After spending this past offseason training in Florida at Cressey Sports Performance, a facility that attracts Cy Young talent such as Justin Verlander and Max Scherzer, Pannone proclaimed he’s in a good spot mentally as it relates to his four-pitch mix (fastball, curveball, changeup, slider). He’ll make his season debut for the WooSox down in Jacksonville Wednesday night – the first step in banking on himself as the new guy with a new organization.
“At the end of the day, I just want to pitch. Whether it’s coming out of the bullpen and pitching three innings or late in the game, or giving them seven innings … I just love pitching,” he said. “You have to look at it only one way. I have an incredible opportunity ahead of me.
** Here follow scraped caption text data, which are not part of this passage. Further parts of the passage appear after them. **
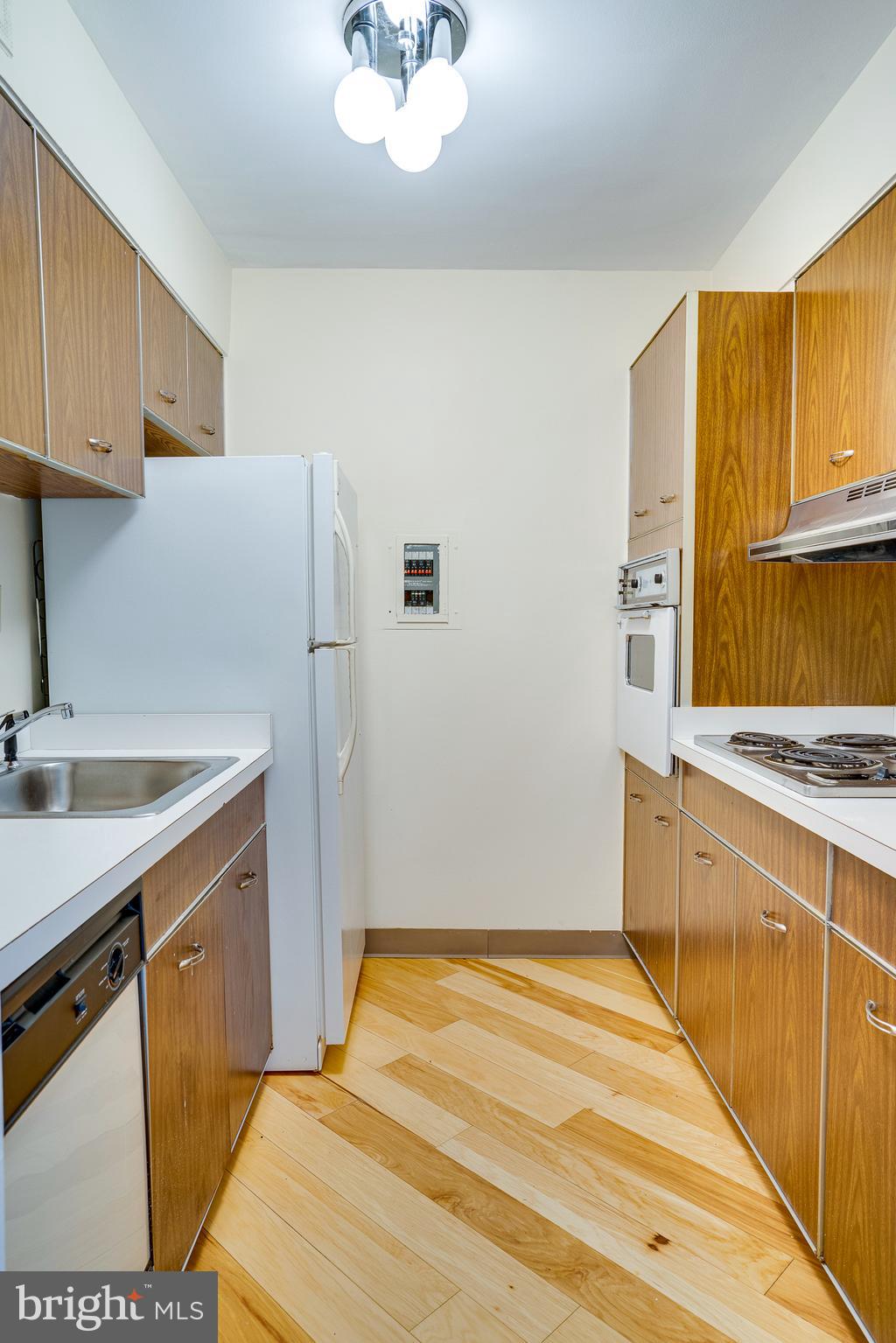 LAKE ANNE OF RESTON - Residential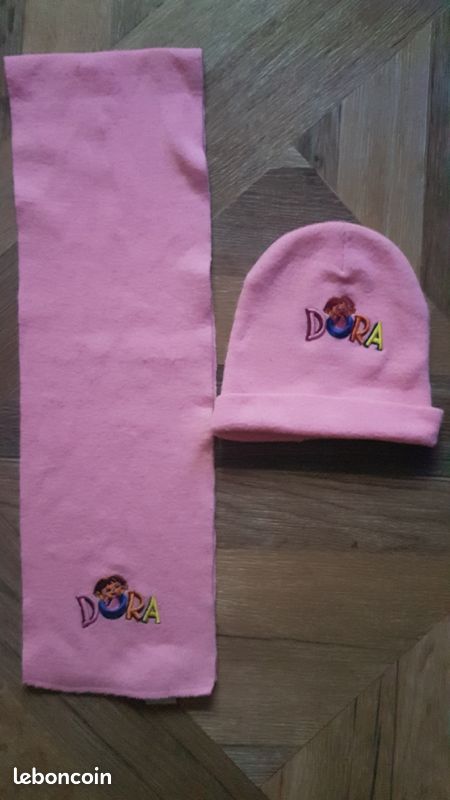 Bonnet et une écharpe Dora l exploratrice (image 1)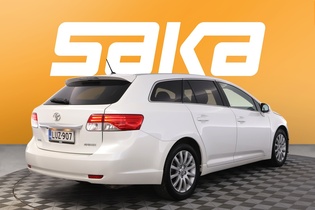 Toyota Avensis vaihtoauto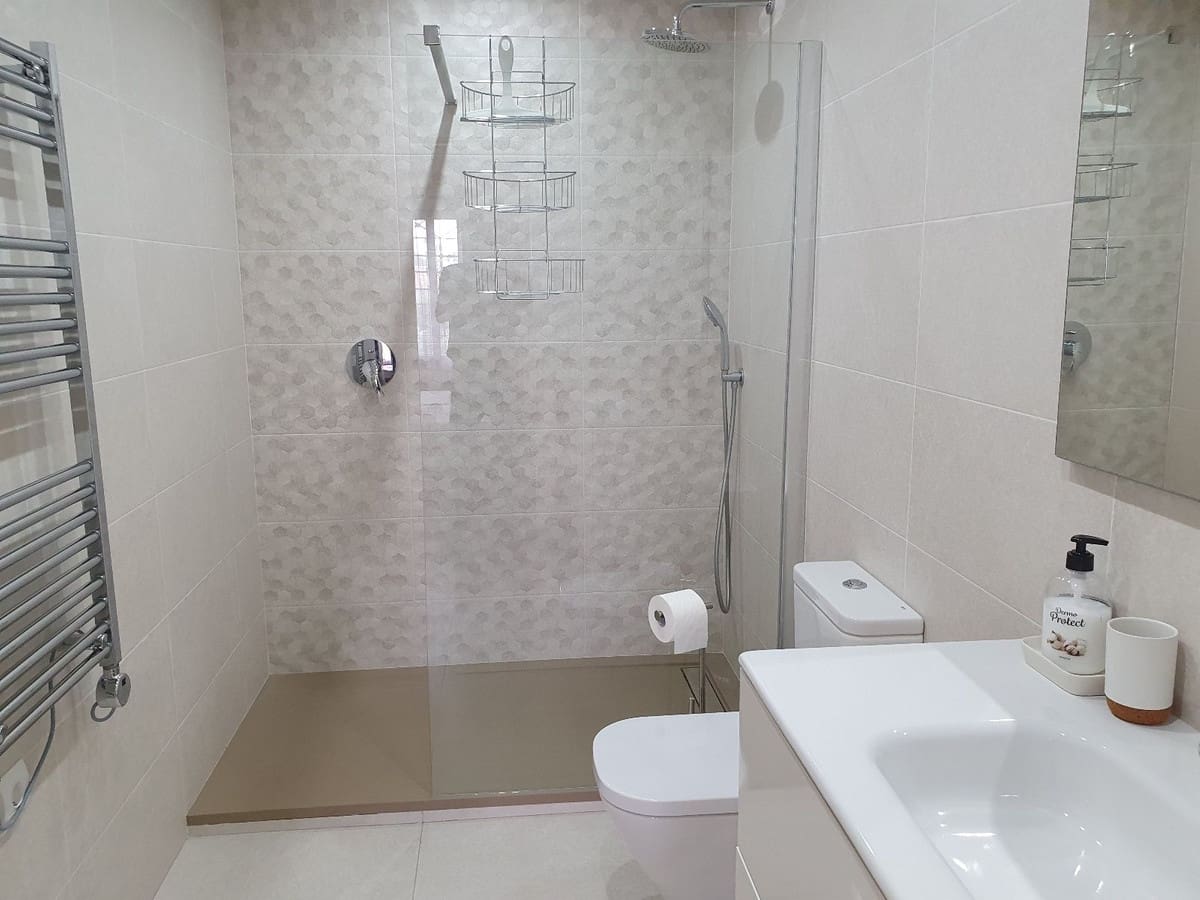 2 soverom Leilighet til salgs i El Paraiso med svømmebasseng garasje - € 425 000 (Ref: 10128654)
I need to be proud of where I’m at and go out there every day and handle my business.”
Pannone is proud of what he’s accomplished to date, as he should be. In keeping with the confidence that has been part and parcel of his baseball existence for as long as he remembers, he threw down somewhat of a gauntlet before heading outdoors to throw a bullpen session at Polar Park.
“Looking back at it all, it’s amazing the places I’ve been and the people I’ve met and been able to play with. It’s something special that one day I’ll be able to look back on and tell a lot of stories,” he said, “but I plan on playing as long as I can. I’m proud of the resume I’ve built, but it’s far from done.”